デレク・ワーウィックを含む4名のスチュワードはさぞ、慌ただしい90分間を過ごしたことだろう。
ドライバー | 違反or違反容疑 | 決定 |
---|---|---|
ランス・ストロール | アレックス・アルボンに衝突 | 10秒ペナルティ/ペナポ1点 |
ジョージ・ラッセル | SCラップで車間10台超 | 5秒ペナルティ/ペナポ1点 |
ランド・ノリス | 二重黄旗無視 | ストップ&ゴー/ペナポ3点 |
ルイス・ハミルトン | ジャンプスタート | 5秒ペナルティ |
ピットレーン速度違反 | ドライブスルー | |
アレックス・アルボン | ケビン・マグヌッセンに衝突 | 10秒ペナルティ/ペナポ2点 |
リアム・ローソン | バルテリ・ボッタスに衝突 | 10秒ペナルティ/ペナポ2点 |
オスカー・ピアストリ | 不規則運転 | 警告 |
セルジオ・ペレス | 危険運転 | 不問 |
F1カタールGPで調査対象となったインシデントと、それぞれに下された裁定を検証すると、事故の予防を目的とした安全義務違反に対するペナルティが、非常に厳格に適用されていることが改めて浮き彫りになった。

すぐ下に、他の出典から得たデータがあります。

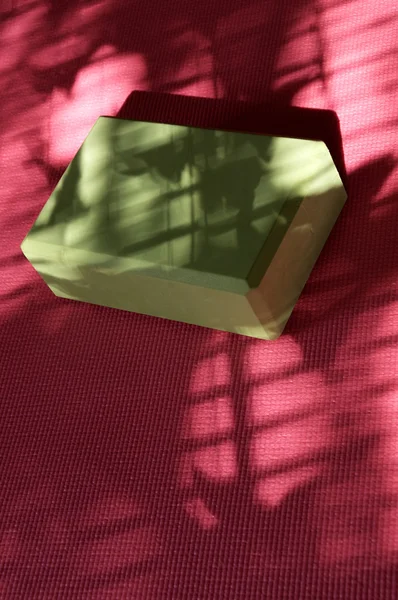 Розовый циновка зеленый блок с тенями окна — стоковое фото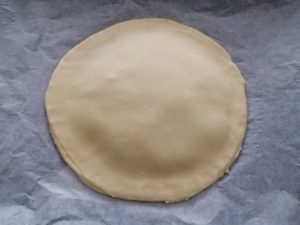 second disque de pâte déposer sur la crème frangipane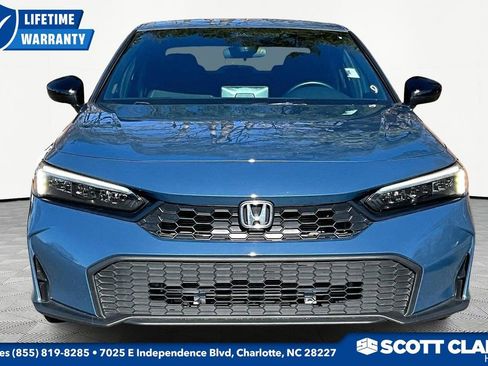 Used 2025 Honda Civic Sport image 2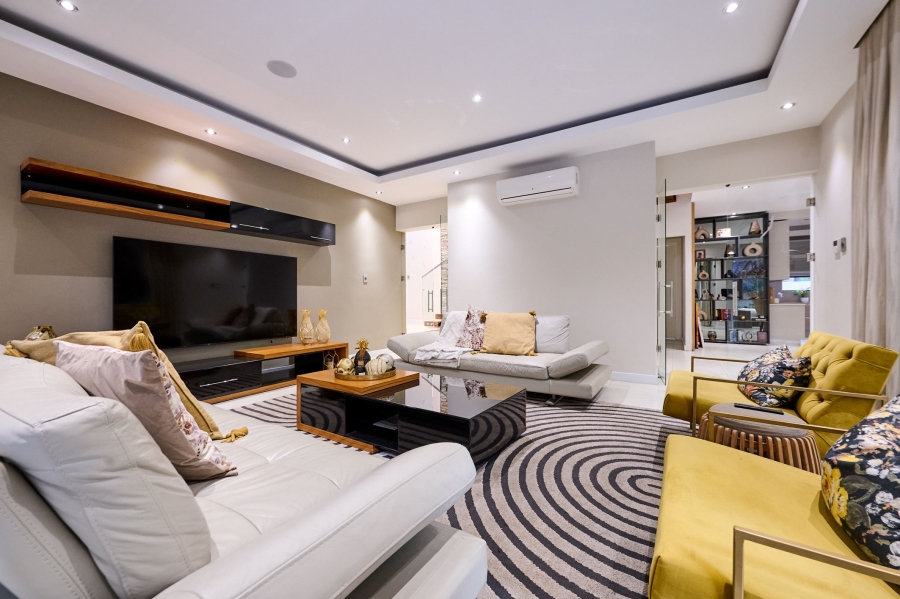 6 Bedroom Property for Sale in Waterfall Country Estate Gauteng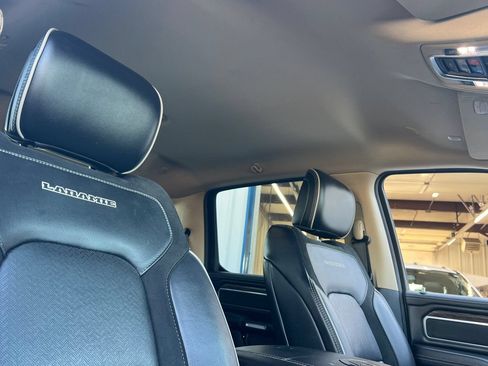 Used 2019 RAM 1500 Laramie AWD/4WD image 17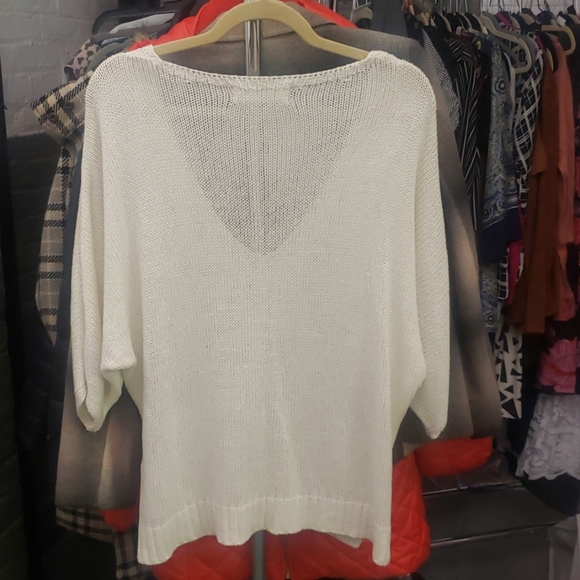 Top - Picture 2 of 3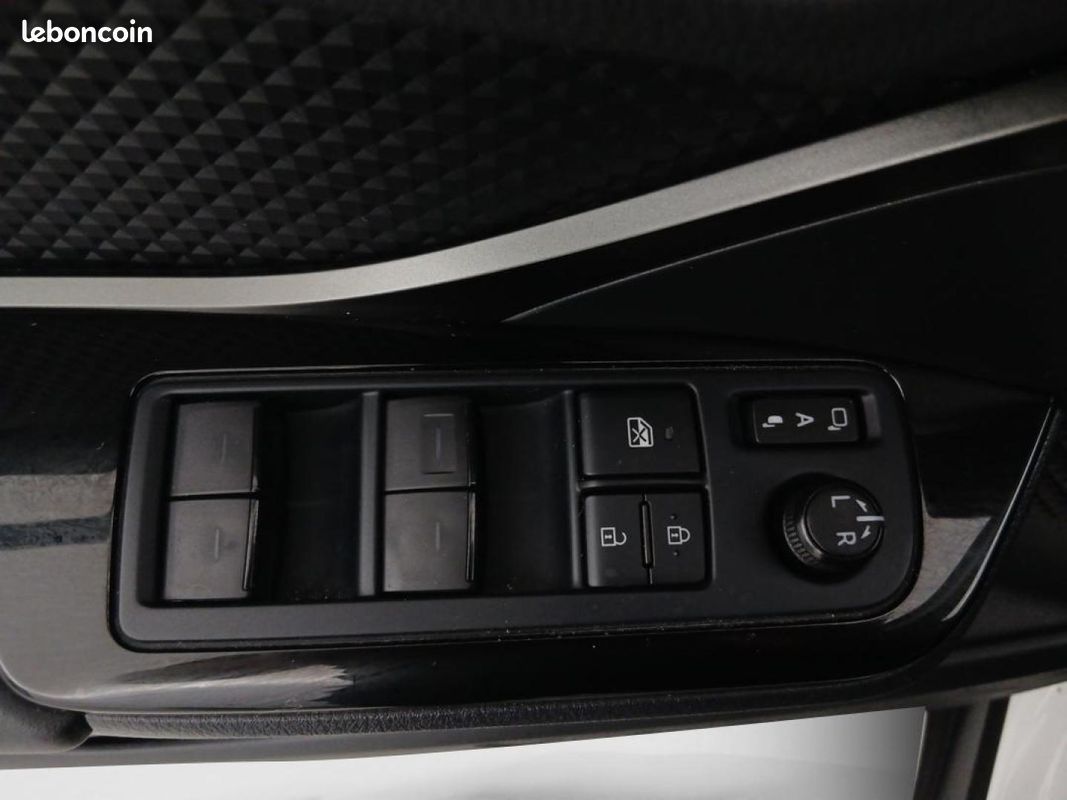 Toyota C-HR 2.0 Hybride 184ch Collection E-CVT (image 27)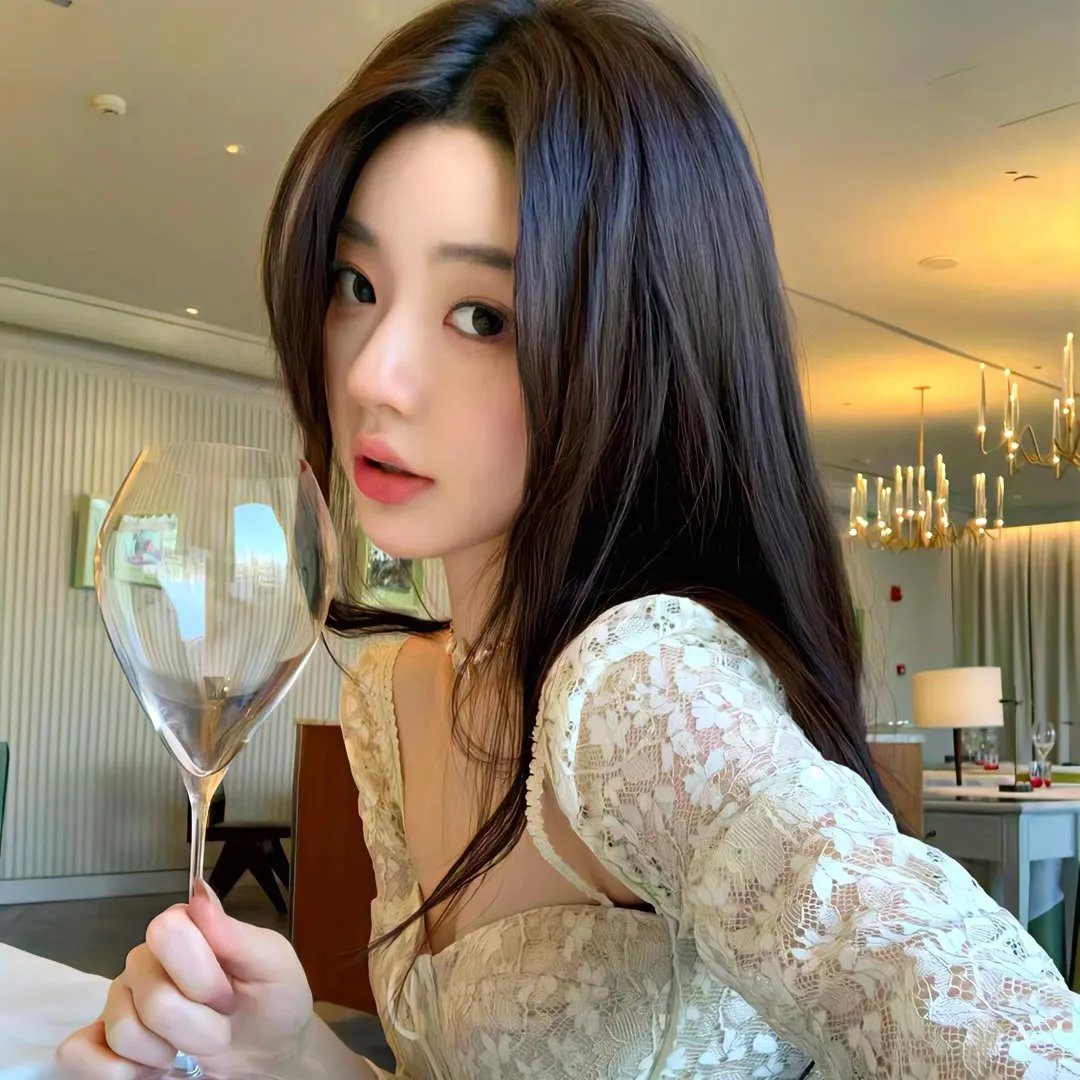 女皇陵下的风流娘们 在线观看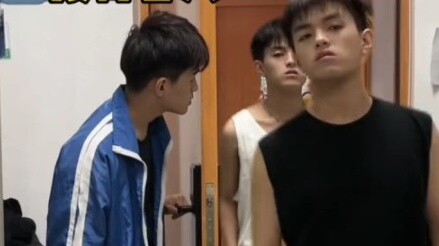 "Sinh viên Thạc sĩ, Xin vui lòng làm các câu hỏi" và "Sổ địa chỉ tóm tắt"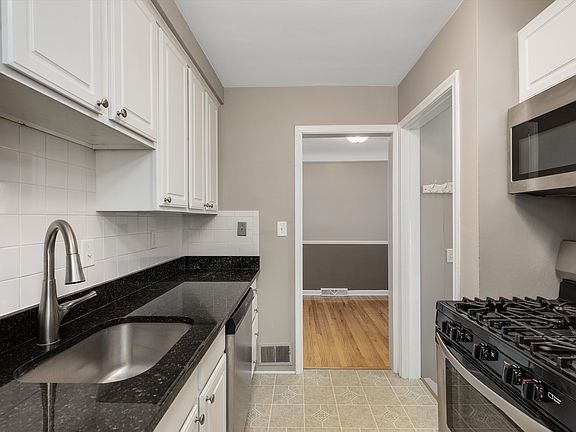 4th image of 3329 Ravena Ave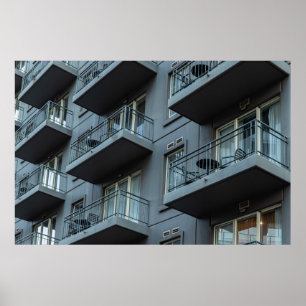 POSTER CONSTRUÇÃO CONCRETA BRANCA COM FERRAMENTAS DE ME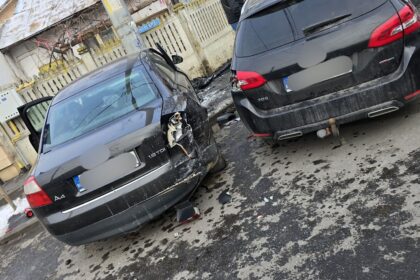 Accident în Craiova: Tânăr la spital după neacordare auto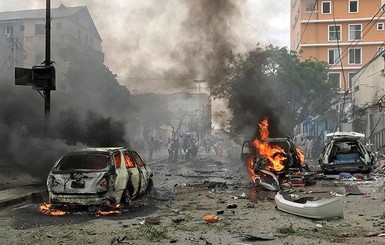 Взрыв в Сомали: погибли шестеро, 13 ранены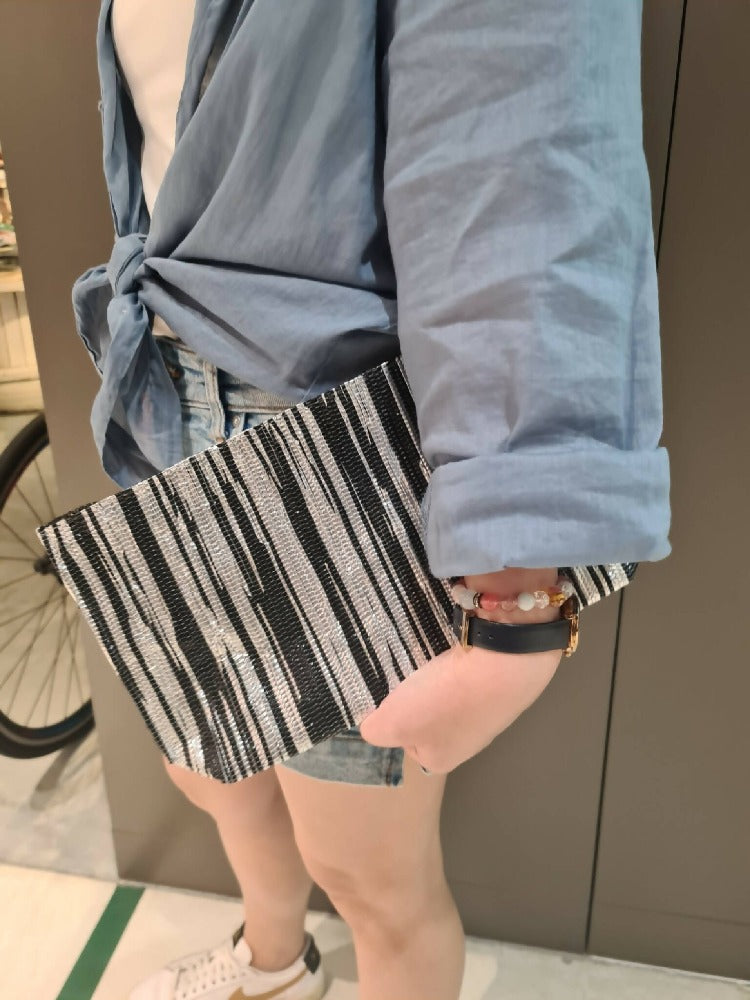 Clutch With Wristlet (Black/Silver Ikat)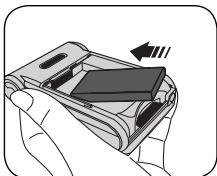 AIPTEK POCKET DV 6800 LE - Legen Sie die Batterie ein. - 1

接触事故は通常、レース中の競り合いや偶発的な状況の結果として発生する。だが、安全義務違反は、ドライバーの注意不足や意識欠如が原因とされ、自助的に回避可能なケースとして扱われる。
ノリス:4年ぶり?厳罰ストップ&ゴー
最も重い処分が科されたのはランド・ノリス(マクラーレン)で、メインストレート上のビーバー、もとい脱落したミラーを受けて振られたダブルイエローを遵守しなかったため、失格を除いて最も厳しいストップ・アンド・ゴー・ペナルティと3点のペナルティポイント(累積3点)が科された。
ストップ・アンド・ゴーが最後に科されたのは2020年のルイス・ハミルトンだろうか。ピットレーンが閉鎖されている状態でタイヤ交換に動いたことで、同年のイタリアGPでは、アントニオ・ジョビナッツィと共にこのペナルティが科された。
ストロール:1周目のターン4でアルボンに接触
スチュワードは「ターン4進入時に縁石に乗り上げ、アンダーステアを引き起こしてアルボンに接触した」と指摘した。ランス・ストロールのアストンマーチンは深刻なダメージを負った。
通常、1周目のインシデントについては、ある程度、寛容な判断が下されるが、スチュワードは「今回の接触はそれに該当しない」とした。
10秒ペナルティに加えて2点のペナルティポイントが科され、累積点は4点となった。
アストンは元よりリタイヤさせる予定であったが、スチュワードの決定を受け、ペナルティの次戦持ち越しを避けるために、一旦、ピットインしてこれを消化した後、10周目にストロールをリタイアさせた。
ハミルトン:ジャンプスタートと速度違反
クルマに搭載されたトランスポンダー(マシンの正確な位置データをリアルタイムで送信する装置)がジャンプスタートと判断した。スチュワードは44号車のオンボード映像でこの事実を確認した。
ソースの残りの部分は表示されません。